Open kekexixili opened 3 years ago

kekexixili commented 3 years ago

Traceback (most recent call last):  File "tools/train.py", line 187, in     main()  File "tools/train.py", line 183, in main    meta=meta)  File "/home/server/文档/DETR2/Swin/mmdet/apis/train.py", line 185, in train_detector    runner.run(data_loaders, cfg.workflow)  File "/home/server/.local/lib/python3.6/site-packages/mmcv/runner/epoch_based_runner.py", line 125, in run    epoch_runner(data_loaders[i], **kwargs)  File "/home/server/.local/lib/python3.6/site-packages/mmcv/runner/epoch_based_runner.py", line 45, in train    self.call_hook('before_train_epoch')  File "/home/server/.local/lib/python3.6/site-packages/mmcv/runner/base_runner.py", line 307, in call_hook    getattr(hook, fn_name)(self)  File "/home/server/文档/DETR2/Swin/mmdet/datasets/utils.py", line 150, in before_train_epoch    self._check_head(runner)  File "/home/server/文档/DETR2/Swin/mmdet/datasets/utils.py", line 137, in _check_head    (f'The num_classes ({module.num_classes}) in 'AssertionError: The num_classes (1) in Shared2FCBBoxHead of MMDataParallel does not matches the length of CLASSES 5) in CocoDataset

bfialkoff commented 3 years ago

You should provide enough information so that if someone is inclined to help they can. Its probably something wrong in your config

haritha-j commented 3 years ago

Hard to say without seeing your config, but most probably in your config, you're importing a custom dataset config with five classes, even though you've set it to one in your model config.

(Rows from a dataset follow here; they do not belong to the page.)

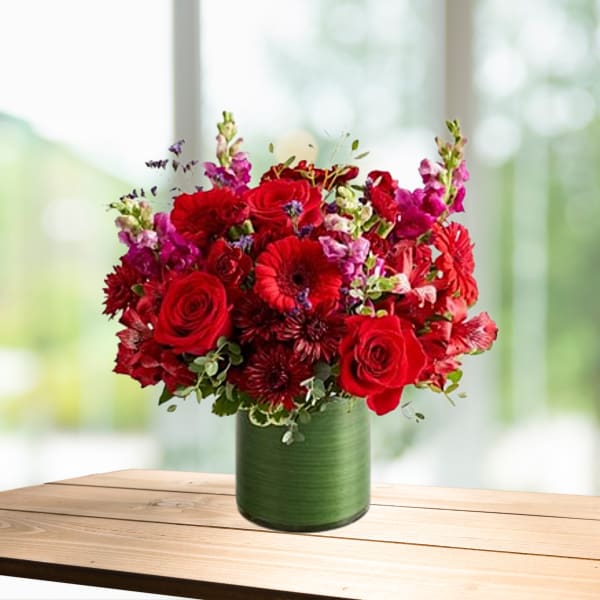 Red mixed flower arrangement in a green vase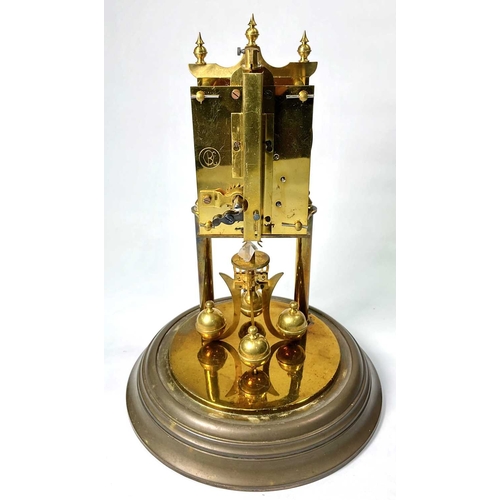 311 - A German brass weight-driven timepiece, 20th Century, silvered dial, under a glass dome, 27cm high... 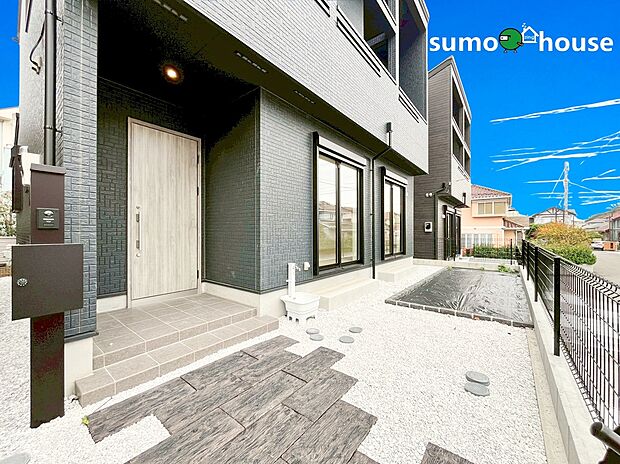 【洗練されたデザイン】モノトーンで統一されたアプローチには、お手入れしやすい白玉砂利の庭と飛び石を採用。プライバシーに配慮した設計で、都会的なセンスと快適な暮らしを両立しています。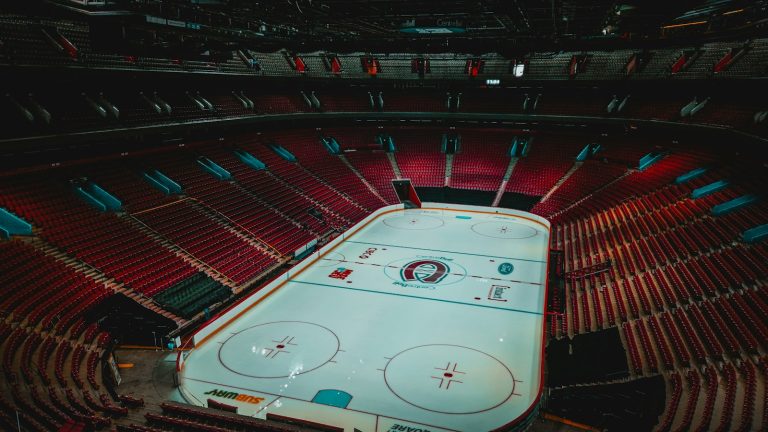 Empty hockey rink and red seating inside Montréal’s Bell Centre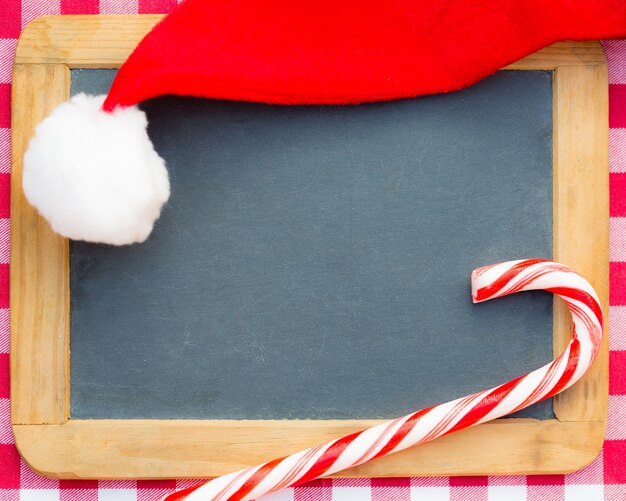 サンタの帽子とクリスマスのキャンディーフレームのヴィンテージ黒板ブランク。 Wintarの休日の概念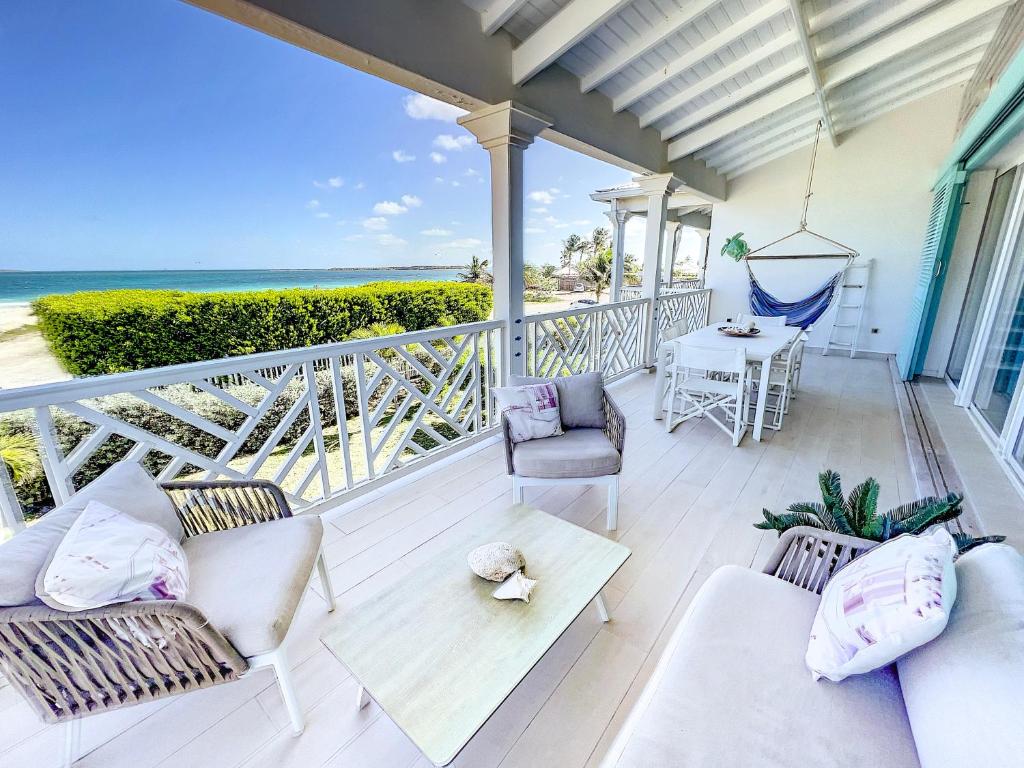 - une terrasse couverte dotée d'un mobilier blanc et offrant une vue sur l'océan dans l'établissement Princess Anouk Beachfront Orient Bay Deluxe 3 BDR, à La Baie-Orientale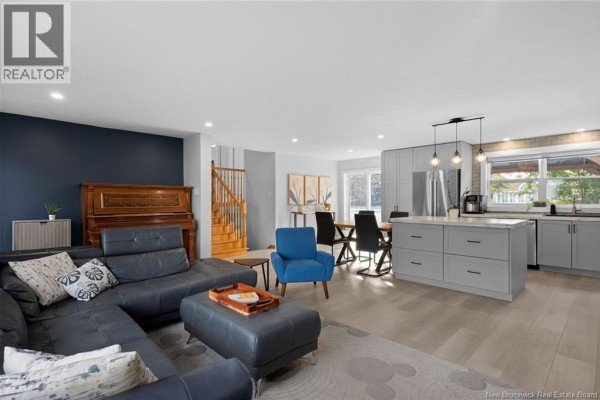 Open-concept living area featuring a sectional sofa, dining table, kitchen island, and grey cabinets. - 122 Dolbeau Street, Dieppe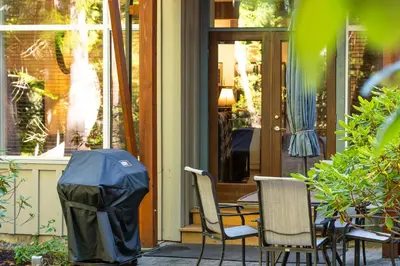 a patio with two chairs and a table with a trash can at Pacific Forest Beach House in Parksville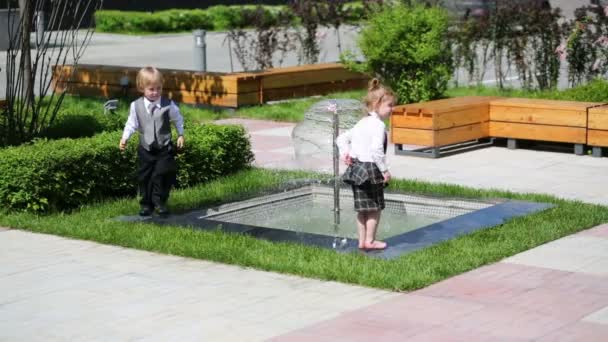 Niño y niña cerca de la fuente — Vídeo de stock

ffletcherr commented 3 years ago

you changed all num_classes=80 to num_classes=1 but Likely had a syntax issues in dataset config file. The correct way to modify dataset config file is (comma after class name is important) :

train=dict(
        type=dataset_type,
        # add this line :
        classes = ('yourClass1', 'yourClass2'), # or for One Class :  ('yourClass1',), Notice that comma in necessery 
        ann_file=data_root + 'annotations/instances_train2017.json',
        img_prefix=data_root + 'train2017/',
        seg_prefix=data_root + 'stuffthingmaps/train2017/',
        pipeline=train_pipeline),
    val=dict(
        type=dataset_type,
        # and this line :
        classes = ('yourClass1', 'yourClass2'), # or for One Class :  ('yourClass1',), Notice that comma in necessery 
        ann_file=data_root + 'annotations/instances_val2017.json',
        img_prefix=data_root + 'val2017/',
        pipeline=test_pipeline),
hoangtubk commented 3 years ago

I have the same error, you can try: CLASSES = (['your_class']) to fix this.

CharlesNJ commented 3 years ago

@haritha-j @ffletcherr how do you use the pre-trained model but predict just two classes, say the truck and car? Any ideas on how to do it? Any help would be greatly appreciated!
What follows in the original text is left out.